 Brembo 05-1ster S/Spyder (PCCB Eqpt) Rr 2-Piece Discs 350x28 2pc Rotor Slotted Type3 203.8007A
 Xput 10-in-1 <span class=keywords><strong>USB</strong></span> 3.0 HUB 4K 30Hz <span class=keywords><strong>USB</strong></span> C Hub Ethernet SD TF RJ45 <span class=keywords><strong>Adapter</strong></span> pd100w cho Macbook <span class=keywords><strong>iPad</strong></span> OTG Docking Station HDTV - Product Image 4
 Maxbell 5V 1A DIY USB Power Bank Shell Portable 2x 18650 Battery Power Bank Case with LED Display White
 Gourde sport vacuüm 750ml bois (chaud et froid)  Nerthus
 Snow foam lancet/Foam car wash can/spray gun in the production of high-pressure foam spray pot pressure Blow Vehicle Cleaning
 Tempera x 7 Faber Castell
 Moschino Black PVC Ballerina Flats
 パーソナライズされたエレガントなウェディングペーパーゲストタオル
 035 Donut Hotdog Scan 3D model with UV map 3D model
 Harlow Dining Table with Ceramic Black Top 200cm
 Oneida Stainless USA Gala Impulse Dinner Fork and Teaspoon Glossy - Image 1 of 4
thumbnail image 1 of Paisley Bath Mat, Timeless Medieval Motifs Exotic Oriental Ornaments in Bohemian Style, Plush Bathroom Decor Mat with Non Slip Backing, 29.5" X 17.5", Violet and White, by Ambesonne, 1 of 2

◇ ◇ ◇ ◇ ◇ ◇ ◇

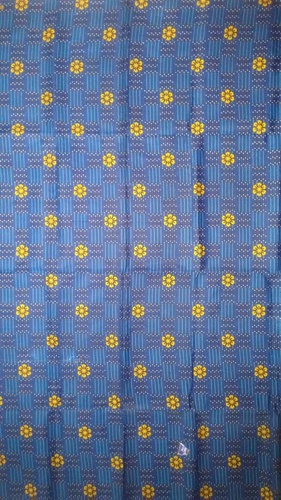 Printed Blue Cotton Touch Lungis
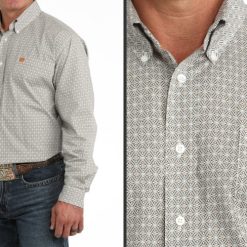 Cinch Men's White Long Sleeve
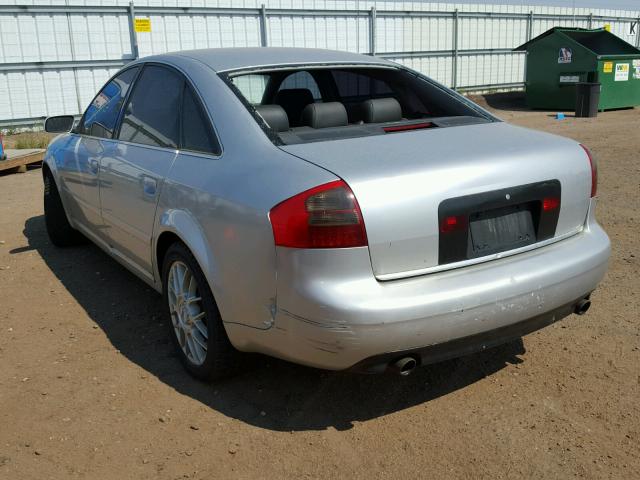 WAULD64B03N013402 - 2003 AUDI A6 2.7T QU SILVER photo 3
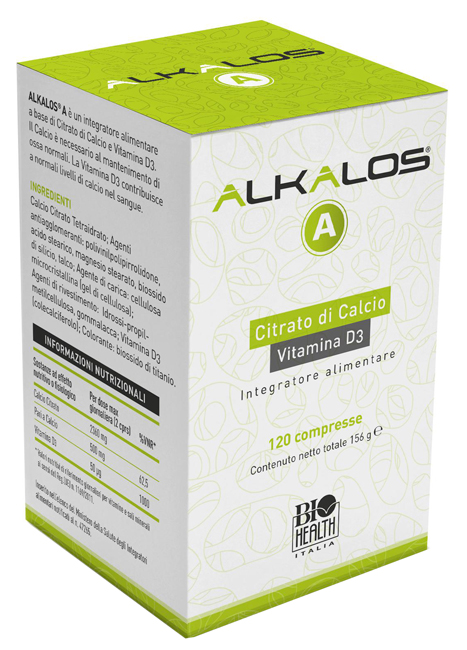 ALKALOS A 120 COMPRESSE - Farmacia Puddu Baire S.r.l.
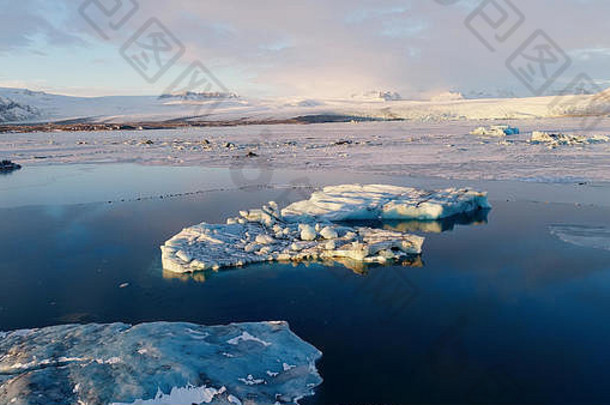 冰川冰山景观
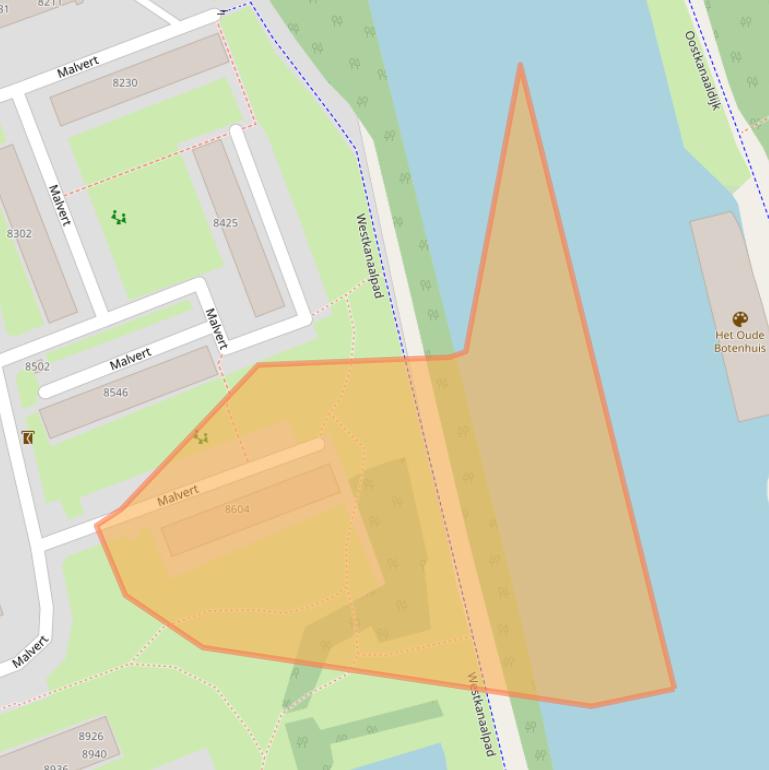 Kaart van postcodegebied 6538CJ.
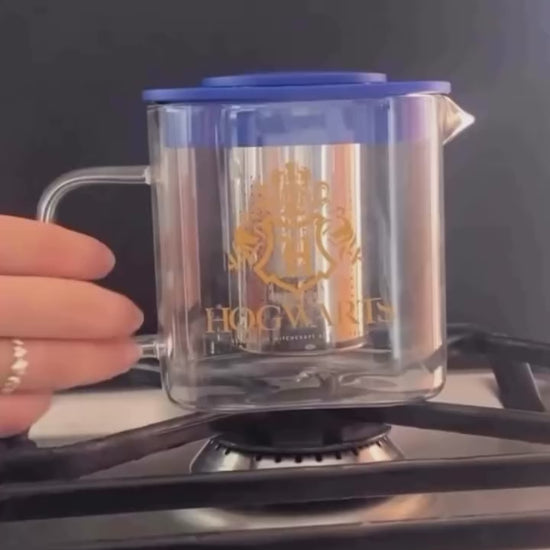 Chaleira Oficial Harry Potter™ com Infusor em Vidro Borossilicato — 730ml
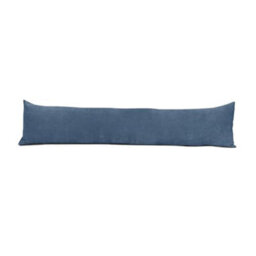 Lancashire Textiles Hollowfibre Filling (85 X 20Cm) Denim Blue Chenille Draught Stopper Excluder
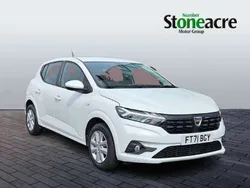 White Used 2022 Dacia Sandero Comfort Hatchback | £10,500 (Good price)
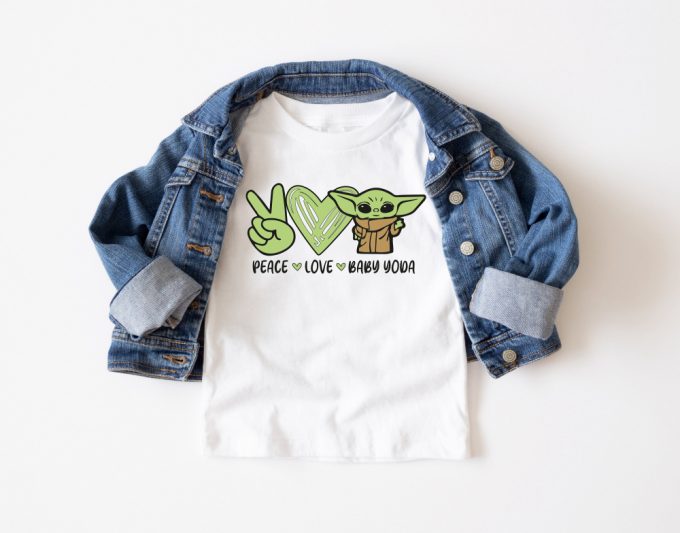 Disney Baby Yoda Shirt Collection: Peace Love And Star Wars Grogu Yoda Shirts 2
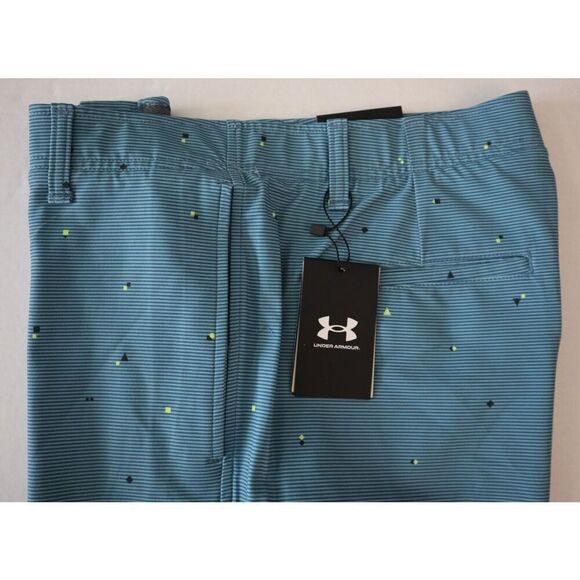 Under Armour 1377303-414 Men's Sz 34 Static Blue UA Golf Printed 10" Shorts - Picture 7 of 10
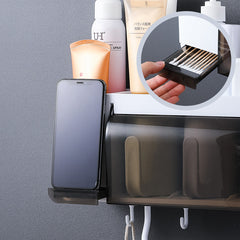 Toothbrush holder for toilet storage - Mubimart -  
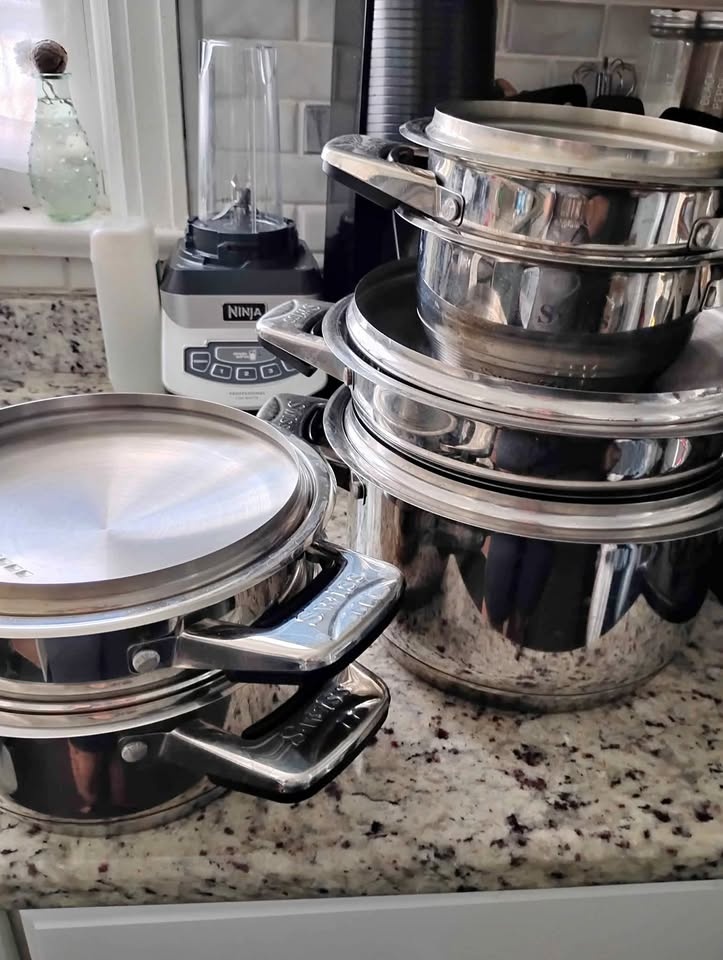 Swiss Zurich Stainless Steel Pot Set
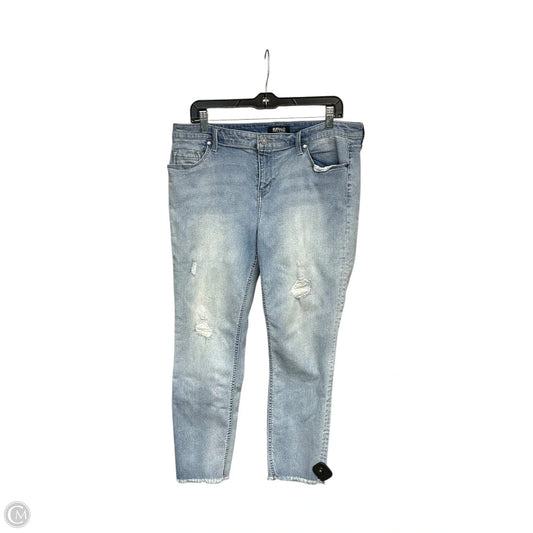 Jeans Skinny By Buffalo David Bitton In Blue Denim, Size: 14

◇ ◇ ◇ ◇ ◇ ◇ ◇

— TASK DETAILS —
Above are some records. Output exactly the lines from the one that contains "Kaart van postcodegebied 6538CJ." to the one that contains "Disney Baby Yoda", keeping both, and omit the pictures.

— WORKED SOLUTION —
 Kaart van postcodegebied 6538CJ.
 Chaleira Oficial Harry Potter™ com Infusor em Vidro Borossilicato — 730ml
 Lancashire Textiles Hollowfibre Filling (85 X 20Cm) Denim Blue Chenille Draught Stopper Excluder
 White Used 2022 Dacia Sandero Comfort Hatchback | £10,500 (Good price)
 Disney Baby Yoda Shirt Collection: Peace Love And Star Wars Grogu Yoda Shirts 2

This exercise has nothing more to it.